Fluid saturations are conventionally determined using one or more laboratory samples that have already undergone compositional changes from their native state. However, in some embodiments the pressure and/or temperature of the first vessel has been maintained at representative conditions during retrieval from the reservoir in order to minimize or eliminate structural changes to the sample and/or phase or composition changes to the fluids contained in the sample. Additionally, as disclosed herein, the core sample is maintained at a substantially equivalent pressure or placed under a higher pressure during the transfer of the core sample from the first vessel to the second vessel. Moreover, in some embodiments, the core sample is maintained at a substantially equivalent temperature or higher temperature during the transfer of the core sample from the first vessel to the second vessel. By doing so, compositional changes in the core sample may be reduced (or completely avoided) and the core sample may be closer to its native state during testing in the second vessel, which may lead to more accurate test results.

At 225, the method 200 optionally includes calibrating test measurements on at least one other core sample performed at ambient pressure using the determined fluid saturation.
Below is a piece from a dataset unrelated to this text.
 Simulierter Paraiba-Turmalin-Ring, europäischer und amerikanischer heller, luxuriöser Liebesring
For example, the observed changes can be analyzed to create a calibration for standard laboratory measurements performed at ambient pressure on regular core samples (i.e., core samples that have not maintained pressure and/or temperature) taken from the same subterranean reservoir, so that the determined fluid saturation can be related to the probable native fluid saturation in the subterranean reservoir. Extraction of pressure-preserved core samples is expected to be significantly more expensive than standard (not pressure-preserving) coring services, so it is beneficial to primarily collect regular core samples with only a few pressure-preserved core samples for calibration. This process enhances the accuracy of the core-to-log calibration for laboratory measurements performed on the regular core samples, and therefore, ultimately the accuracy of the reservoir models used to make business decisions about which reservoirs to produce for oil and/or gas.

At 230, the method 200 optionally includes reducing the pressure on the core sample in the second vessel; and repeating the test on the core sample in the second vessel. For example, the pressure of the core sample may be reduced, step by step, to ambient pressure.
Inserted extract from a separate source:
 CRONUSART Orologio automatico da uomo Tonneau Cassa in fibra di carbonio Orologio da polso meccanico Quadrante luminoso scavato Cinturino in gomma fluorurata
At 235, the method 200 optionally includes reducing the temperature on the core sample in the second vessel; and repeating the test on the core sample in the second vessel. For example, the temperature of the core sample may be reduced, step by step, to ambient temperature.
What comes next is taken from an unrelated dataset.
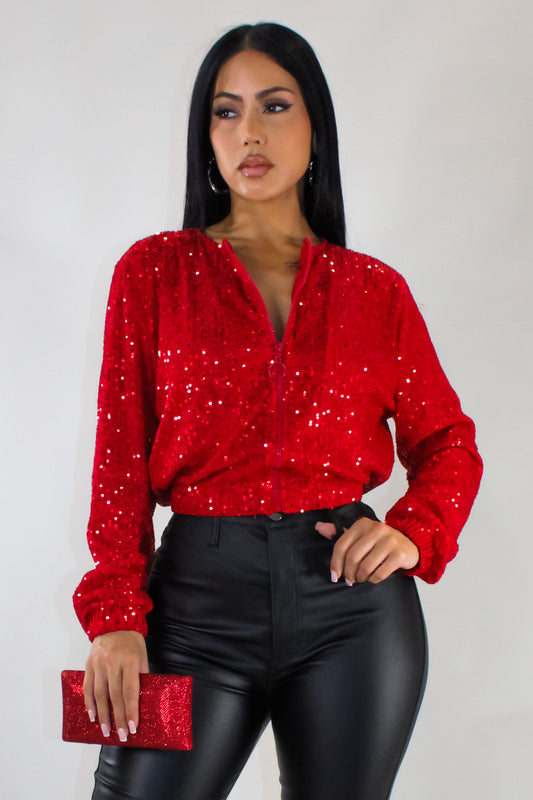 Sequin Zipped Jacket- Red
In one embodiment, the pressure only is reduced (at 230). In one embodiment, the temperature only is reduced (at 235). In one embodiment, the pressure and temperature are reduced. As another example, reduction of pressure may occur, reducing in multiple steps may occur, with test measurements in between may occur. Those of ordinary skill in the art will appreciate that many options are possible.

At 240, the method 200 optionally includes injecting a chemical agent (e.g., fluorocarbon) into the second vessel to preserve fluid saturation of the core sample to allow for testing of the core sample at ambient pressure conditions outside the second vessel. For example, the preservation may not affect geomechanical properties of the core sample.

At 245, the method 200 optionally includes cooling the core sample in the second vessel to preserve fluid saturation of the core sample to allow for testing of the core sample at ambient pressure conditions outside the second vessel. For example, the preservation may not affect geomechanical properties of the core sample.

At 250, the method 200 optionally includes injecting a chemical agent (e.g., a resin, a polymer, an alloy, or any combination thereof) into the second vessel to encase the core sample to preserve fluid saturation of the core sample to allow for testing of the core sample at ambient pressure conditions outside the second vessel. For example, a resin, a polymer, an alloy, or any combination thereof may be selected so that they do not affect geomechanical properties of the core sample.

EXAMPLE: A NMR example will now be discussed, and a similar approach may be utilized with the other tests. NMR is utilized for measuring saturation, and NMR distinguishes between fluids based on differences in parameters of the detected magnetic resonance signals, including signal relaxation times (referred to as T1 and T2) and measured diffusion coefficients. Different excitation and measurement sequences are employed to enable sensitivity to these parameters, and they are optimized for the expected values in a given reservoir. NMR data may be represented as 1-, 2-, or 3-dimensional spectra, where the axes can represent values of T1 and T2 relaxation times and diffusion coefficients. Downhole NMR logging tools can provide saturation values with spatial resolution on the order of one or several feet of depth, but NMR log data is best calibrated against laboratory measurements performed under both as-received and controlled saturation conditions, using typically 5 to 30 core samples per well.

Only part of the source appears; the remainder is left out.